TASK OBJECTIVE — Output every line below without omitting or altering anything.

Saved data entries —
● ● ● ●

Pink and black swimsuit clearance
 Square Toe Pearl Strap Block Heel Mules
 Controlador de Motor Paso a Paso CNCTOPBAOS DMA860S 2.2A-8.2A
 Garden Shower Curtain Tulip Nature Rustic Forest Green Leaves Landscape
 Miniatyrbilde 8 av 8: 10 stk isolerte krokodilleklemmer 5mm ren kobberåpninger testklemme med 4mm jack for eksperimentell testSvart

● ● ● ●

EXERCISE OUTPUT —
Pink and black swimsuit clearance
 Square Toe Pearl Strap Block Heel Mules
 Controlador de Motor Paso a Paso CNCTOPBAOS DMA860S 2.2A-8.2A
 Garden Shower Curtain Tulip Nature Rustic Forest Green Leaves Landscape
 Miniatyrbilde 8 av 8: 10 stk isolerte krokodilleklemmer 5mm ren kobberåpninger testklemme med 4mm jack for eksperimentell testSvart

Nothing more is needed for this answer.